Deer hunters happened upon the gruesome sight of decomposing human remains as they moved through a remote desert region in West Texas on Sunday. The hunters summoned Culberson County Sheriff’s Office from Van Horn, Texas, after discovering the badly decomposed human remains lying on the desert floor.
Responding deputies recovered the mostly skeletal remains. The death of the suspected migrant will be added to the total of unattended migrant deaths the department deals with during the current border crisis.
Deputies located a wallet containing a Mexican identification card that may indicate the deceased is a migrant from the neighboring Mexican state of Chihuahua. Due to the advanced state of decomposition, the decedent’s identity will be verified through DNA tests. So far, 25 unattended migrant death cases have been investigated by Culberson County Sheriff’s deputies since February.

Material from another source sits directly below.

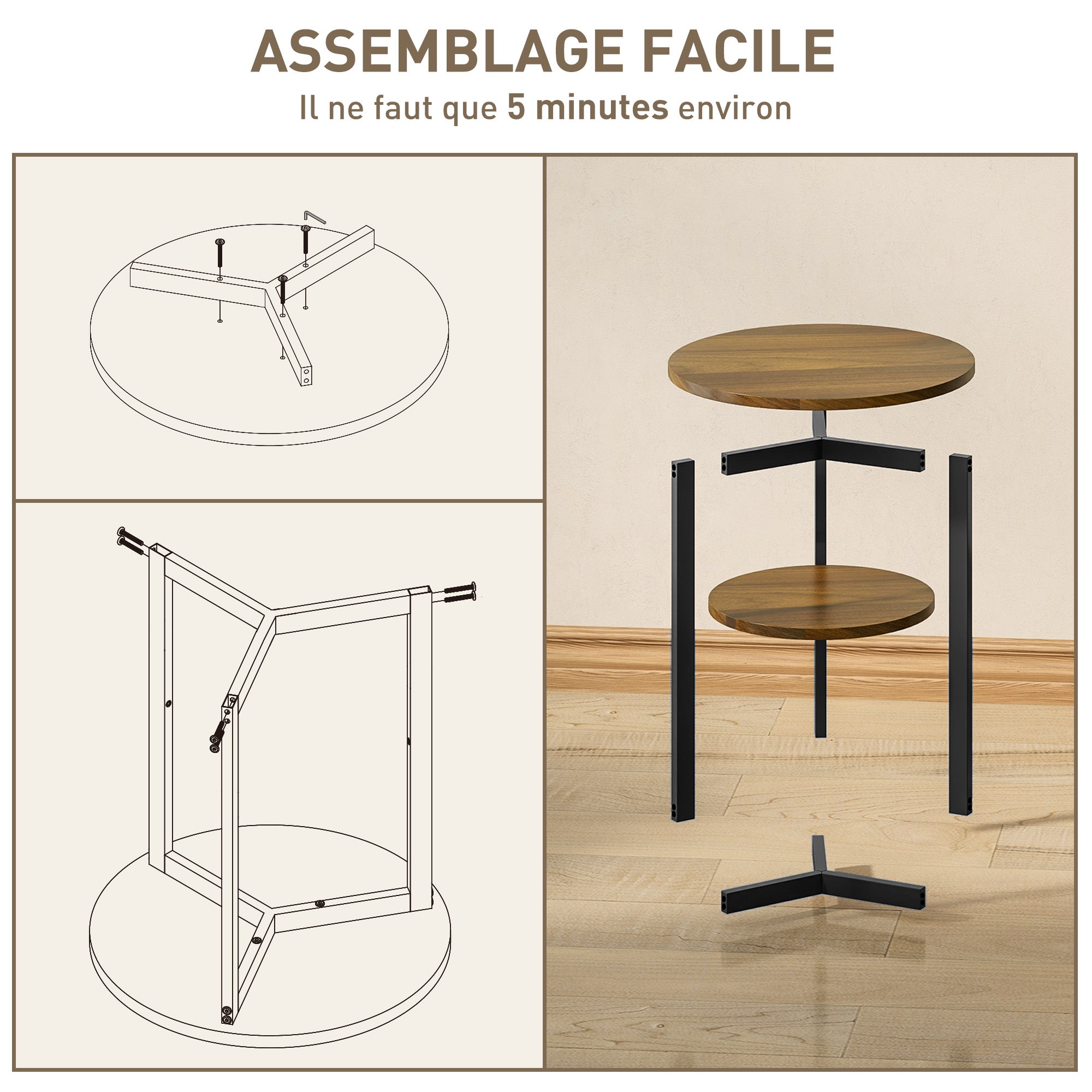 Round Side Table, Industrial Coffee Table with Storage Shelves and Steel Frame, End Table for Living Room, Bedroom, Ø 40 x 48 cm, Brown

Culberson County is the fifth-largest county in Texas and one of the most sparsely populated with less than one inhabitant per square mile. The sheer size of the county means most migrants crossing the border through the county will need to walk for days through a dry desert environment to avoid apprehension. In addition to serving the law enforcement needs of residents, the county also must bear the expense of dealing with the increasing migrant deaths the sheriff’s office must investigate.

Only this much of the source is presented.